> _Source material_
= Beginning of Section =

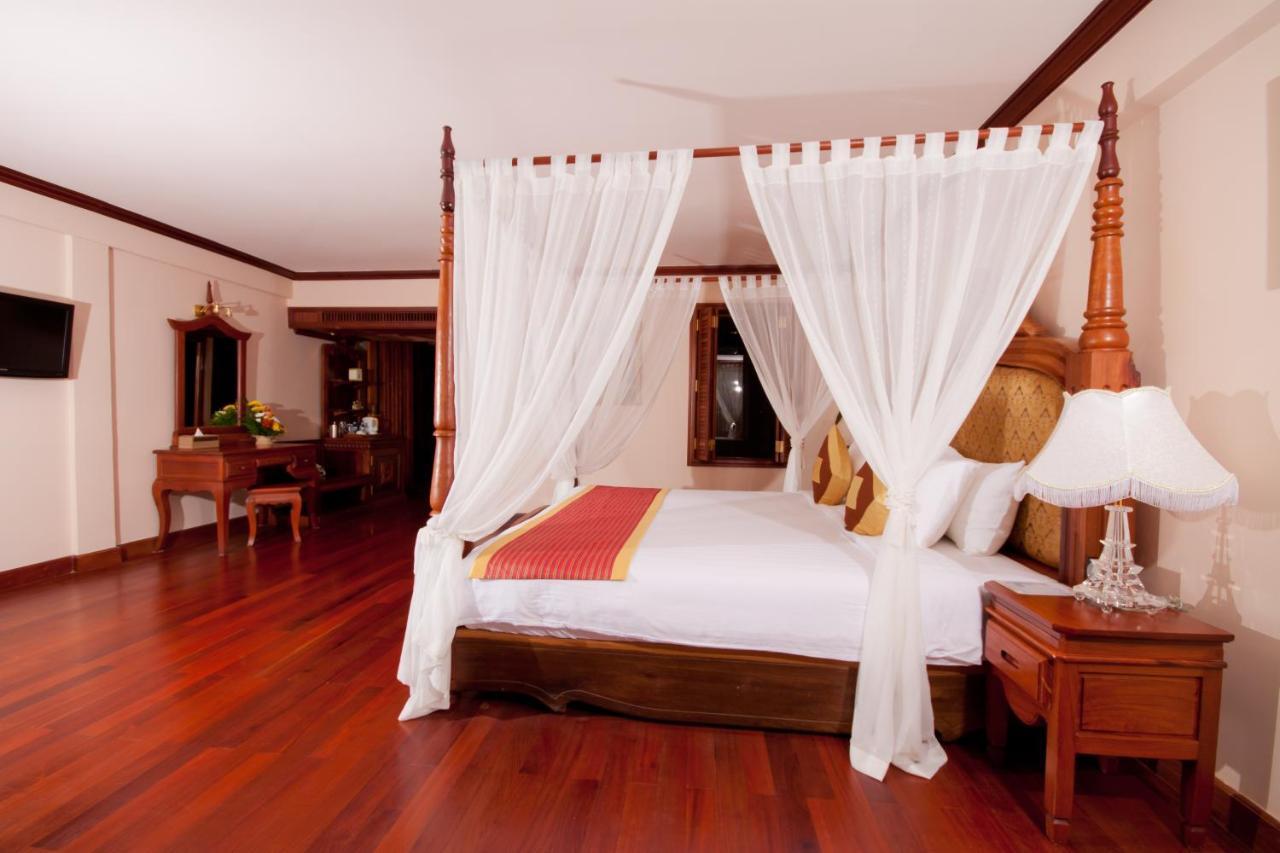 Bayon Era Hotel Siem Reap Extérieur photo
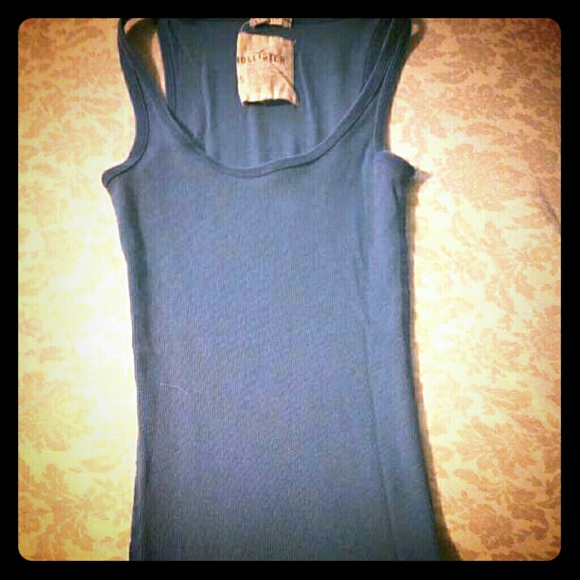 Hollister top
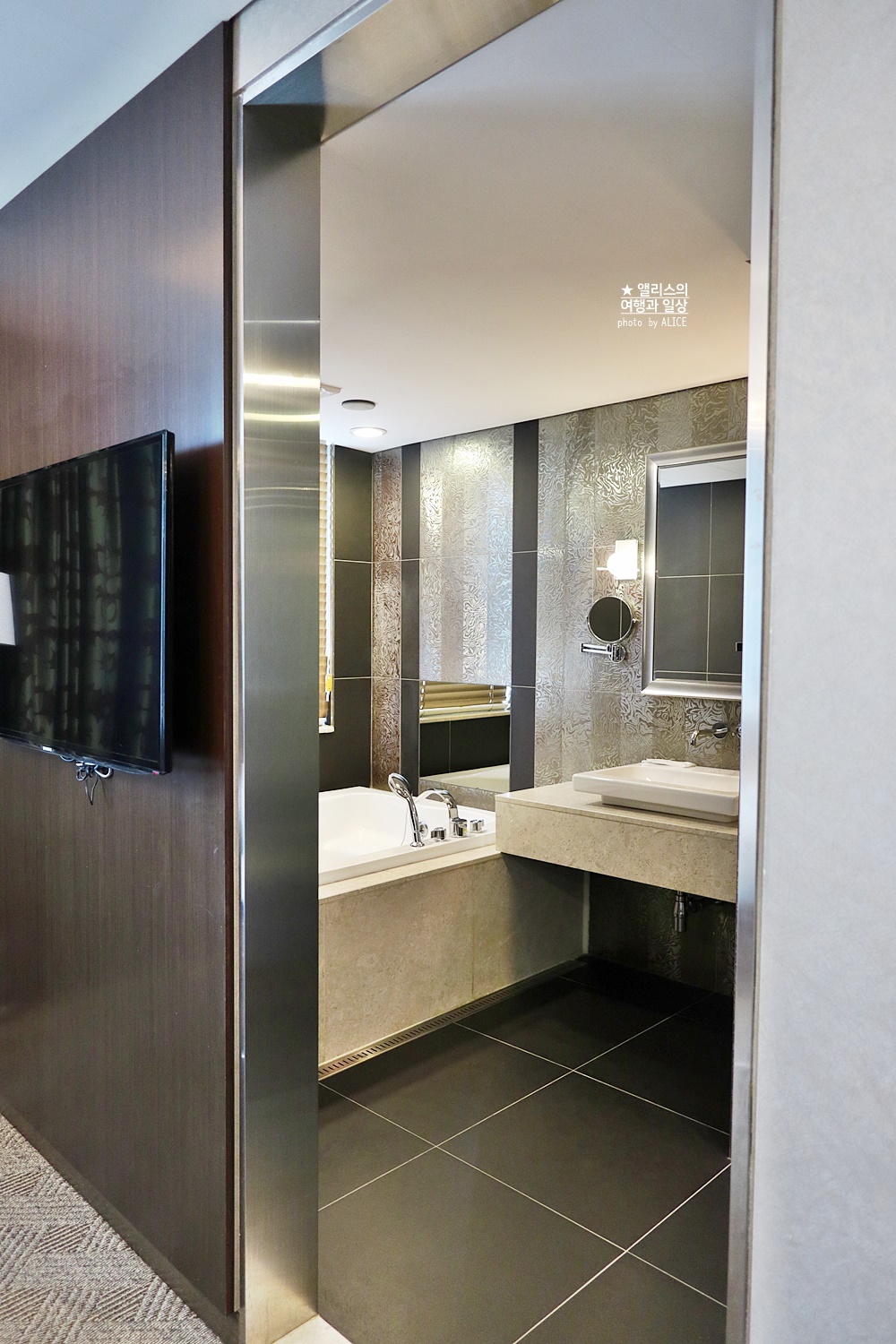 잠실 위치 좋은 파로스 호텔 디럭스 더블룸 투숙 후기 잠실 주경기장 근처 호텔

= End of Section =

Copy every line above exactly; images stay out.

 Bayon Era Hotel Siem Reap Extérieur photo
 Hollister top
 잠실 위치 좋은 파로스 호텔 디럭스 더블룸 투숙 후기 잠실 주경기장 근처 호텔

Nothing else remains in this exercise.